Pictures with short captions
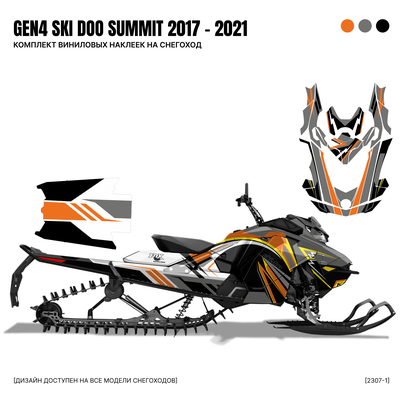 Наклейки на снегоход G4 GEN4 SKI DOO Summit 2017 - 2021 №2307-1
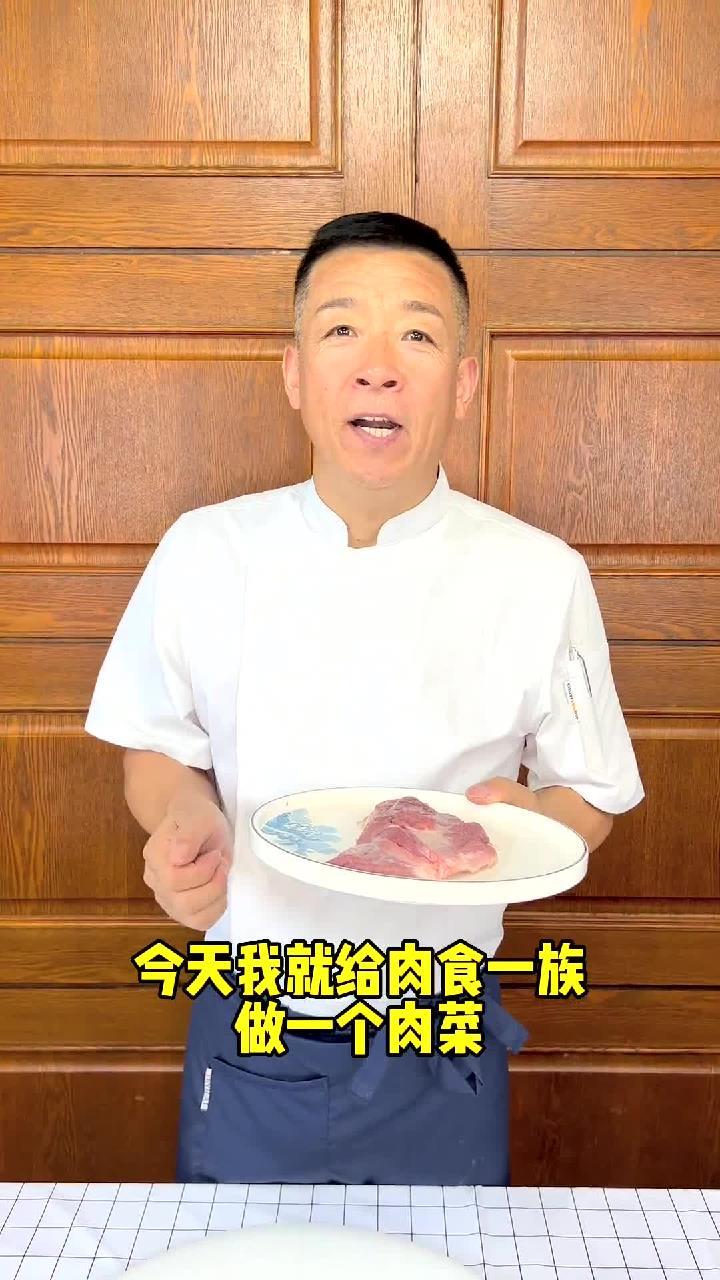 跟着林秀群大厨 学习这道又菜爱做饭的男人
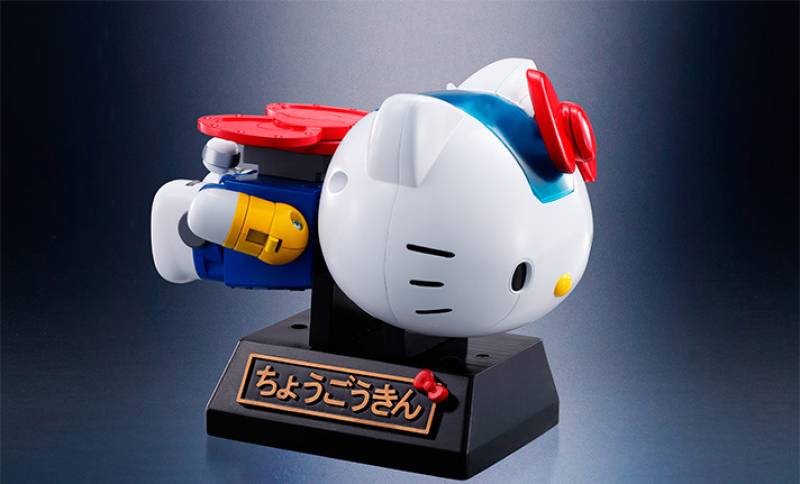 Chogokin - Hello Kitty - Blue Ver.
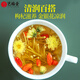 Yifutang Herbal Té Chrysanthemum 50g New Flor No Sulphur no fumado Hangzhou White Chrysanthemum Salud Especial Health Herbal Tea-Tea-Grade se puede combinar con rosas y Wolfberry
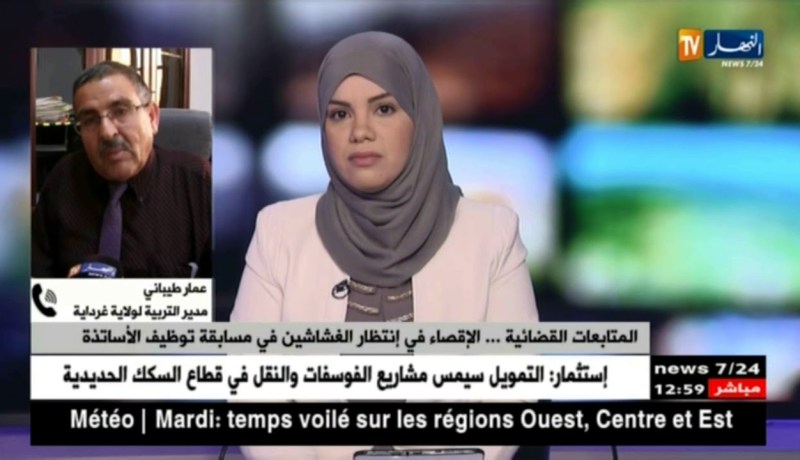 خريجو الجامعات والمعاهد سيجتازون مسابقة توظيف الأساتذة الثلاثاء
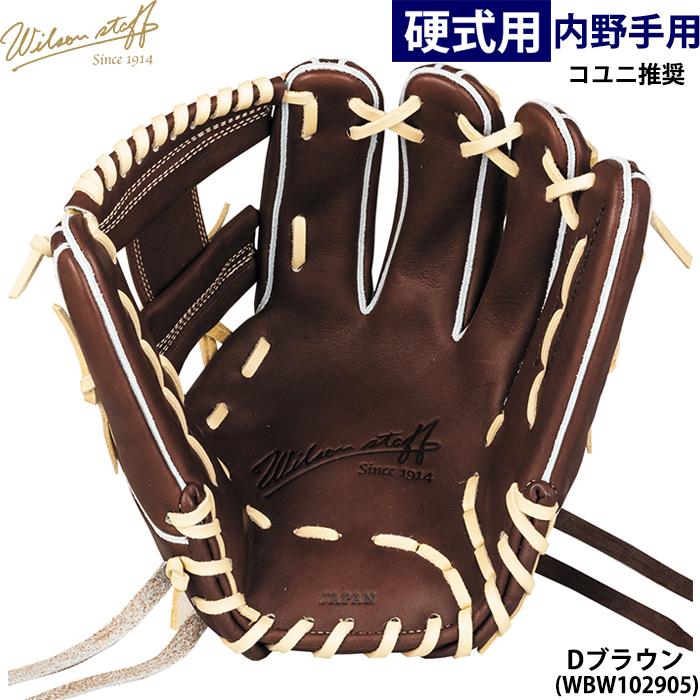 Wilson Staff あすつく ウイルソン 野球用 一般硬式用 グラブ Wilson Staff あすつく ウイルソン 野球用 一般硬式用 グラブ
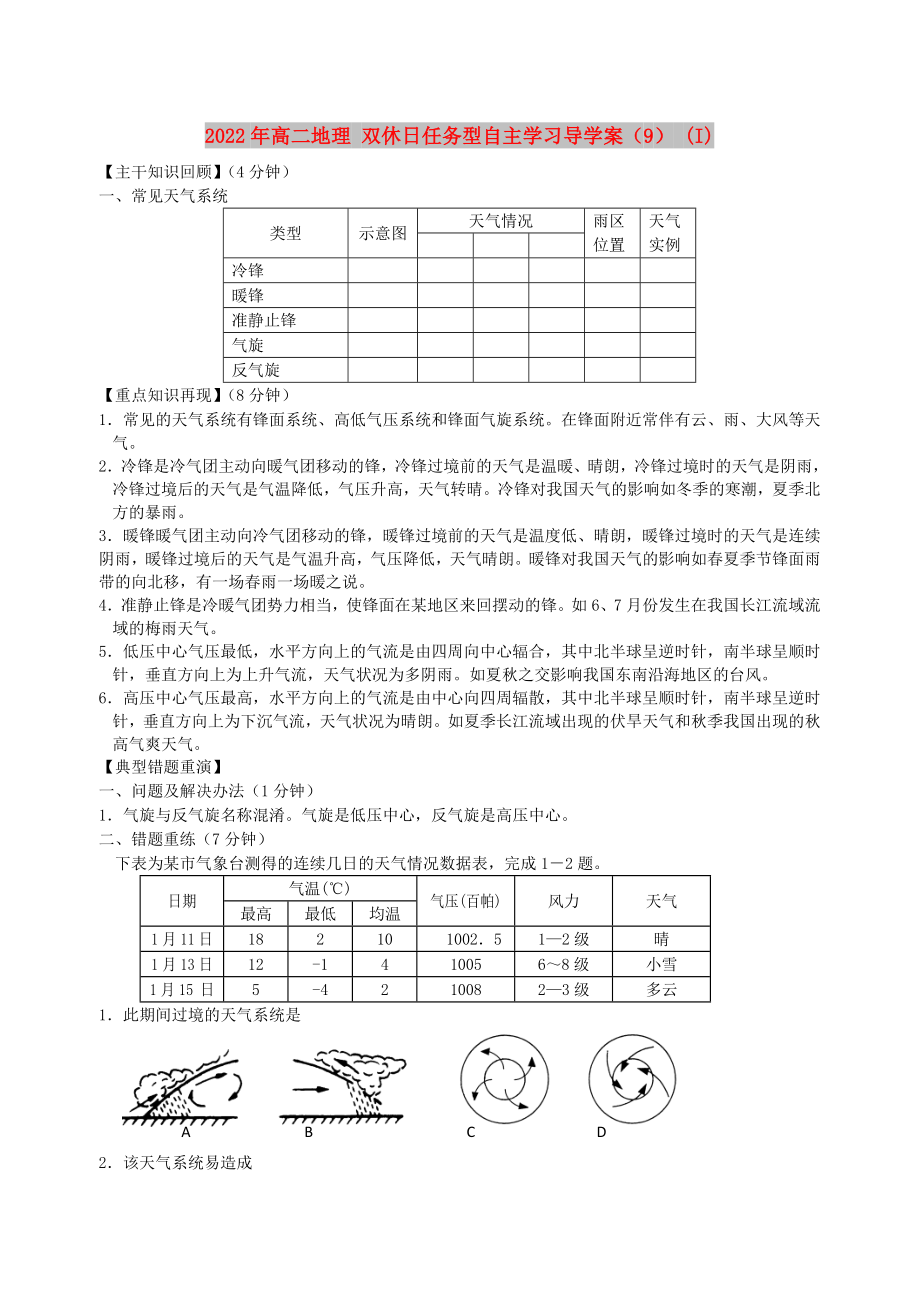 2022年高二地理 雙休日任務(wù)型自主學(xué)習(xí)導(dǎo)學(xué)案（9） (I)_第1頁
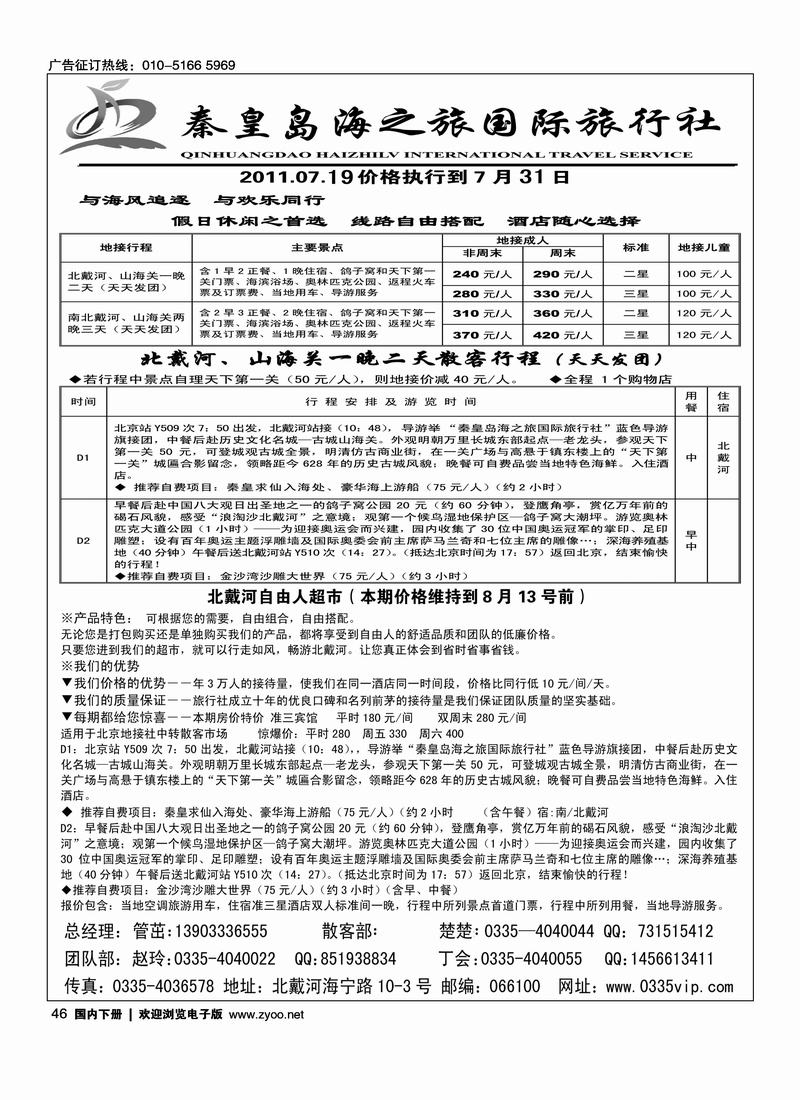 北戴河海之旅旅行社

§ **Brief**
With the pictures omitted, repeat the full set of records above exactly.

§ **Exercise result**
 Наклейки на снегоход G4 GEN4 SKI DOO Summit 2017 - 2021 №2307-1
 跟着林秀群大厨 学习这道又菜爱做饭的男人
 Chogokin - Hello Kitty - Blue Ver.
 Yifutang Herbal Té Chrysanthemum 50g New Flor No Sulphur no fumado Hangzhou White Chrysanthemum Salud Especial Health Herbal Tea-Tea-Grade se puede combinar con rosas y Wolfberry
 خريجو الجامعات والمعاهد سيجتازون مسابقة توظيف الأساتذة الثلاثاء
 Wilson Staff あすつく ウイルソン 野球用 一般硬式用 グラブ Wilson Staff あすつく ウイルソン 野球用 一般硬式用 グラブ
 2022年高二地理 雙休日任務(wù)型自主學(xué)習(xí)導(dǎo)學(xué)案（9） (I)_第1頁
 北戴河海之旅旅行社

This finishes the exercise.